Will Gartside began his fledgling movie career while clerking at Video Station. That's where he met local playwright Rob Matsushita, who had written a slasher short for Mercury Players Theatre's Revenge of the Mini-Musicals. After seeing his workmate's 15-minute play, Gartside seized the opportunity to turn his own abiding interest in slasher films into something tangible. Together with Matsushita and another Mercury regular, Morey Burnard, he worked up a script and 10 songs and embarked on his first directing job of any kind. The result is Massacre (The Musical), premiering at the High Noon Saloon on Sunday, Jan. 27.
"Anyone who wants to do a film really just has to go out and do it," says Gartside. "It takes some time, but it's really not that hard. There's a great theater and film community in Madison. You don't need to go to Hollywood to make movies."

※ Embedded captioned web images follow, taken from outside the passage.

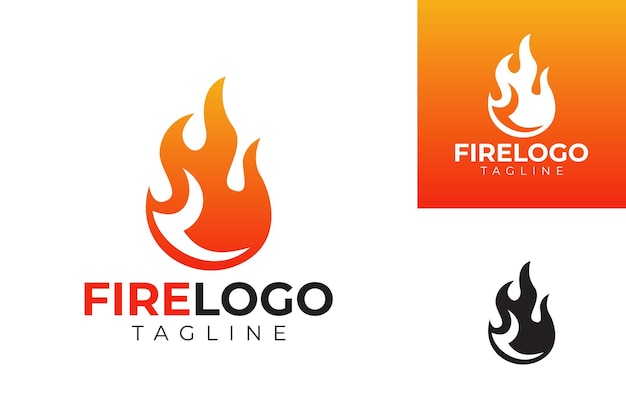 vector fire logo premium template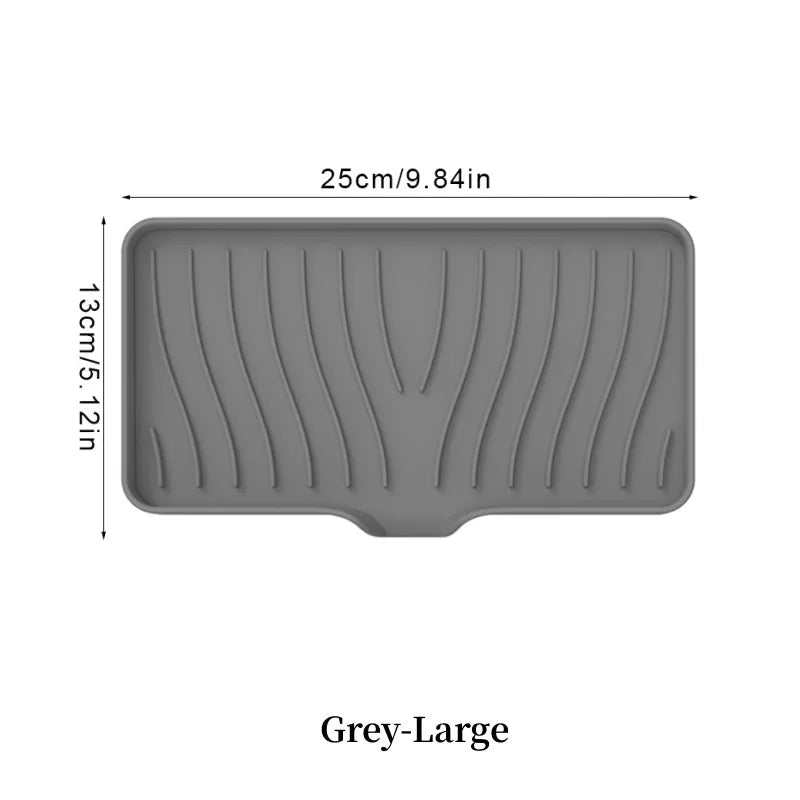 1-Pack Silicone Drain Soap Box Kitchen Bathroom Anti-slip Sink Tray Creative Washing Table Soap Tray Free Punch Drain Rack Econic Blanks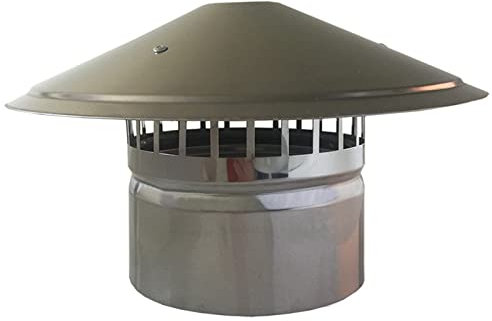 ALSUP Regenhaube Kaminabdeckung Schornsteinabdeckung in Verzinkt Abgerundete Ecken Heizkamin Rauchrohr Rauchrohr-regenkappe Schornsteinaufsatz Regenmütze Kapuze,15cm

The 45-minute horror comedy begins with ax-wielding Catholic schoolgirl Discordia surveying the grisly aftermath of her own killing spree. Then it moves backwards in time to explain (often through song) how the sweet-faced teen could do such a terrible thing. Along the way, there's plenty of opportunity for showcasing Gartside's attraction to faux blood and viscera.
"We found a good recipe for intestines at an independent site online," he says gleefully, noting that blood made from Karo syrup photographs well but is a bitch to clean up. "I tested it in the kitchen, and it turned out really well. I'd hold our intestines up to things being done in Hollywood."
Gartside is pursuing his master's in broadcasting, television and communications at Milwaukee's Marquette University. But all the filming was done in and around Madison during the summer and fall of 2007 with a local cast and crew. Unsurprisingly, Massacre's tiny $7,000 budget required a lot of pro bono work and favors. Quivey's Grove, where Gartside once worked, gave the project free access to its gothic-looking tunnel for several nights, providing a ready-made horror set. And Matysik Studios offered extensive studio time for Burnard to cook up versions of the musical's songs that actors could sing along with during shoots. Indeed, Gartside says recording work at Matysik took about as much time as filming did. Judging from the film's trailer posted on YouTube, all those hours in the studio were well spent.
Although a final edit hadn't been completed as of last week, Gartside is confident that Massacre will connect with audiences who've been primed for bloody comedy by cheeky films like Shaun of the Dead. At 45 minutes, it's not apt to pique the interest of the DVD market or commercial theaters. But having caught the film bug in a big way, Gartside hopes it will be a convincing calling card.
"We're submitting to the Wisconsin Film Festival and a lot of other festivals," he explains. "Ideally someone in the industry will see it and will allow us to do a feature."